_Data for this task_
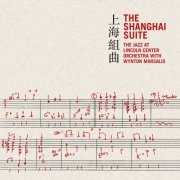 Jazz at Lincoln Center Orchestra & Wynton Marsalis - The Shanghai Suite (2024) [Hi-Res]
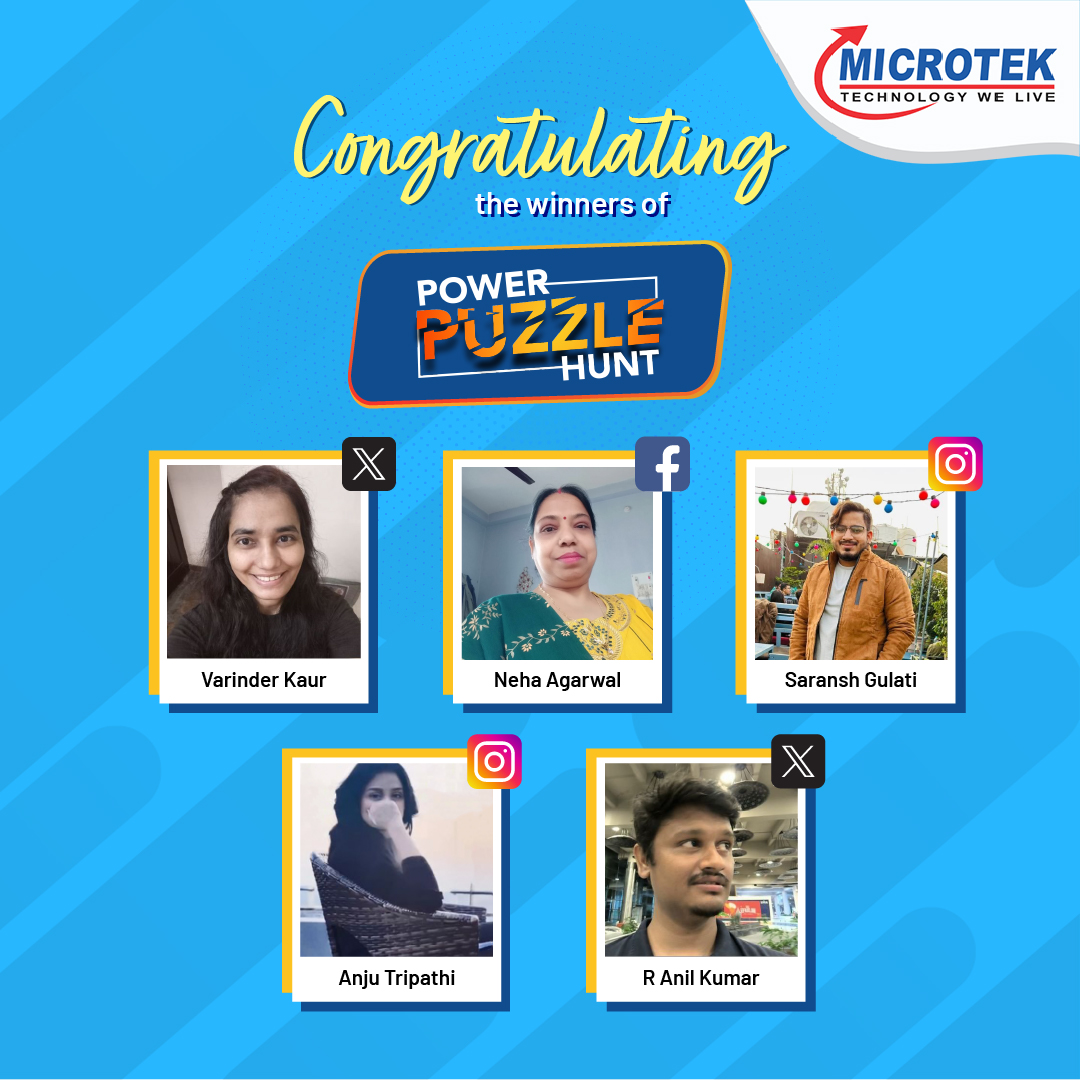 We're thrilled to announce the winners of our #PowerPuzzleHunt.

Share the following details via DM within 48 hours to claim your prize:    
- Full name  
- Address, including pin code 
- Email address 
- Phone number     

Stay tuned for more contests with #Microtek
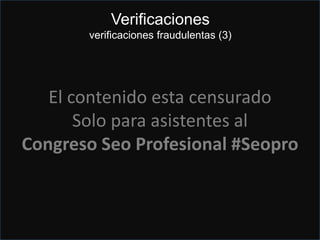 @kokebcn
Correos
El contenido esta censurado
Solo para asistentes al
Congreso Seo Profesional #Seopro
Verificaciones
verificaciones fraudulentas (3)
 
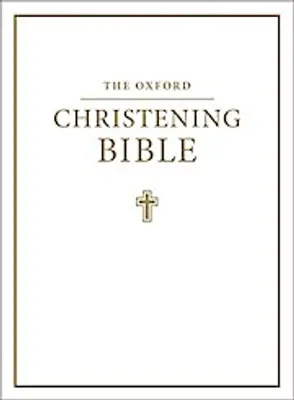 Immagine prodotto di The Oxford Christening Bible (Authorized King James Version)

_Problem details_
Starting at the line that contains "Stay tuned for more contests with #Microtek", retype each line through the end of the data exactly, and leave out every picture.

_Worked solution_
Stay tuned for more contests with #Microtek
 @kokebcn
Correos
El contenido esta censurado
Solo para asistentes al
Congreso Seo Profesional #Seopro
Verificaciones
verificaciones fraudulentas (3)
 
 Immagine prodotto di The Oxford Christening Bible (Authorized King James Version)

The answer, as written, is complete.